— WHAT THIS TASK INVOLVES —
Make an exact copy of the listing underneath, skipping each picture.

— SUPPLIED DATA —
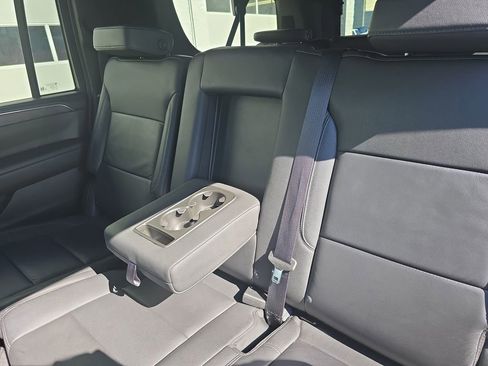 Used 2024 Chevrolet Suburban LT image 14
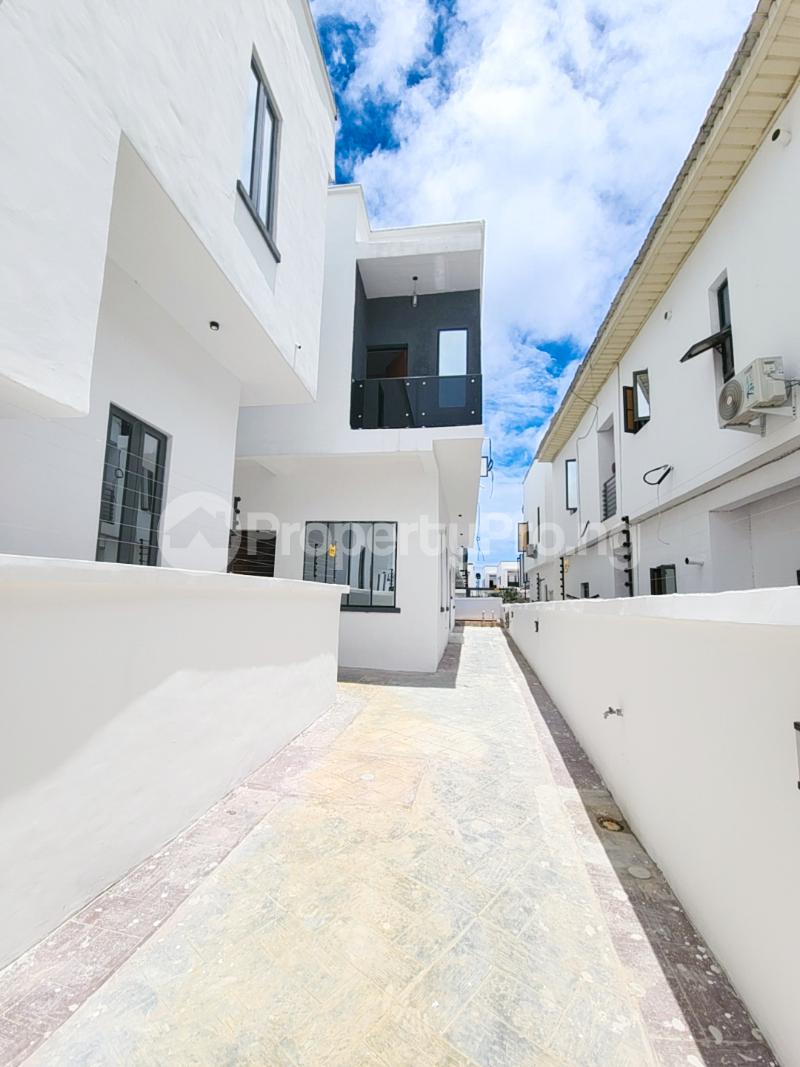 4 bedroom House for sale Ajiwe Ajah Lagos - 0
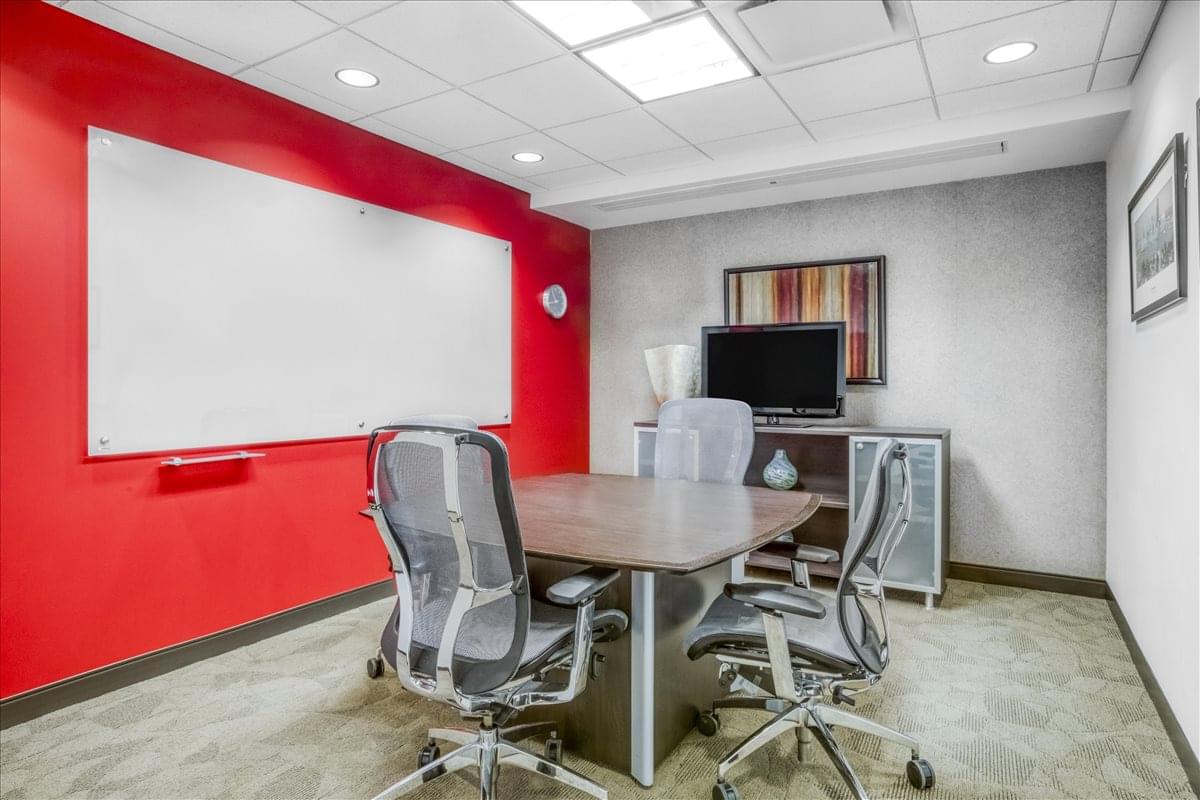 HUB Tower, 699 Walnut St, 4th Fl, Downtown Des Moines Office Space - Des Moines
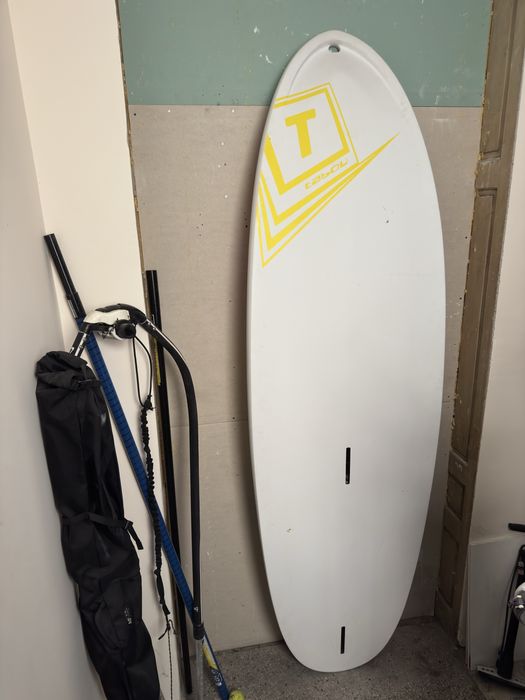 Уиндсърф дъска Tabou Bullitt 155L – Идеална за начинаещи и напреднали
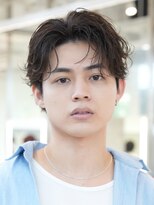 フィフス 大分(fifth)&nbsp;大分シャドウパーマメンズカットラウンドマッシュセンターパート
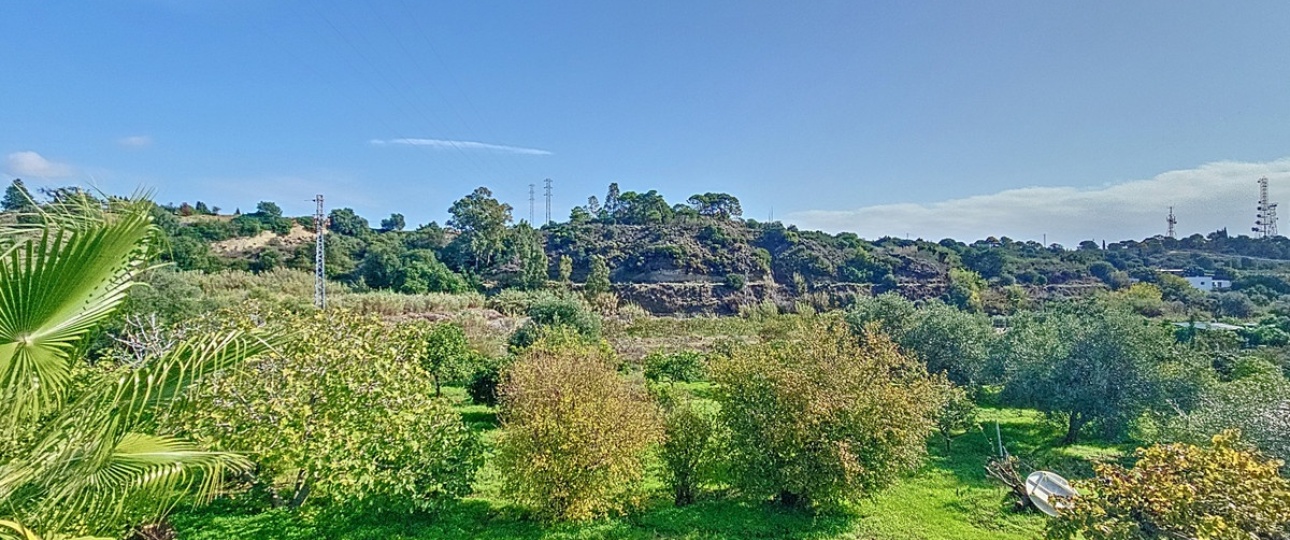 Resale - Country house - Estepona - El Padron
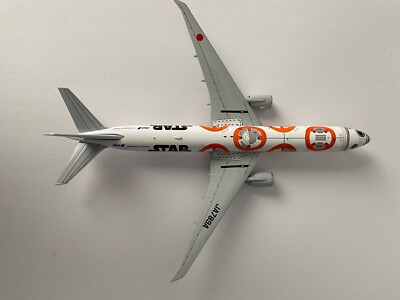 航空機・ヘリコプター Aviation 1:200ANA B777-300ER JA789A BB-8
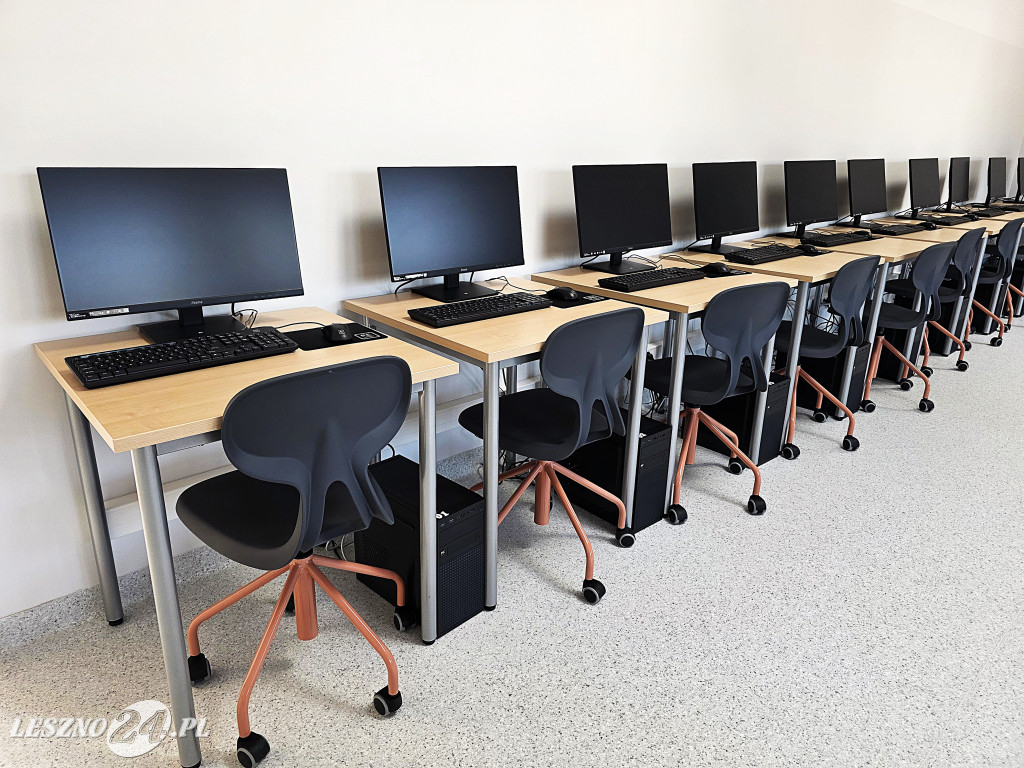 Rozbudowana szkoła w Wilkowicach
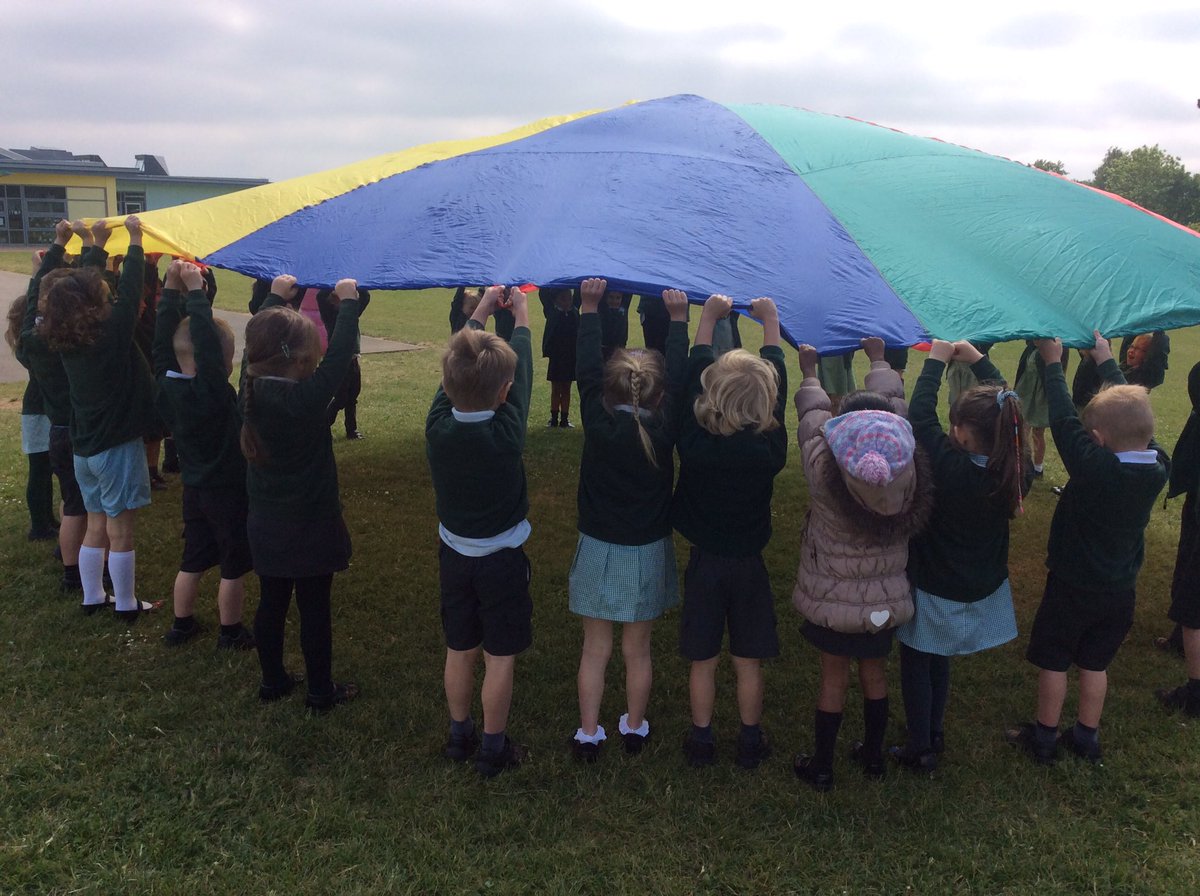 FSStLukes2017's tweet photo. Our Welly Wednesday fun with the parachute!! https://t.co/BGmPQQKMrE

— SOLUTION TO THIS EXERCISE —
 Used 2024 Chevrolet Suburban LT image 14
 4 bedroom House for sale Ajiwe Ajah Lagos - 0
 HUB Tower, 699 Walnut St, 4th Fl, Downtown Des Moines Office Space - Des Moines
 Уиндсърф дъска Tabou Bullitt 155L – Идеална за начинаещи и напреднали
 フィフス 大分(fifth)&nbsp;大分シャドウパーマメンズカットラウンドマッシュセンターパート
 Resale - Country house - Estepona - El Padron
 航空機・ヘリコプター Aviation 1:200ANA B777-300ER JA789A BB-8
 Rozbudowana szkoła w Wilkowicach
 FSStLukes2017's tweet photo. Our Welly Wednesday fun with the parachute!! https://t.co/BGmPQQKMrE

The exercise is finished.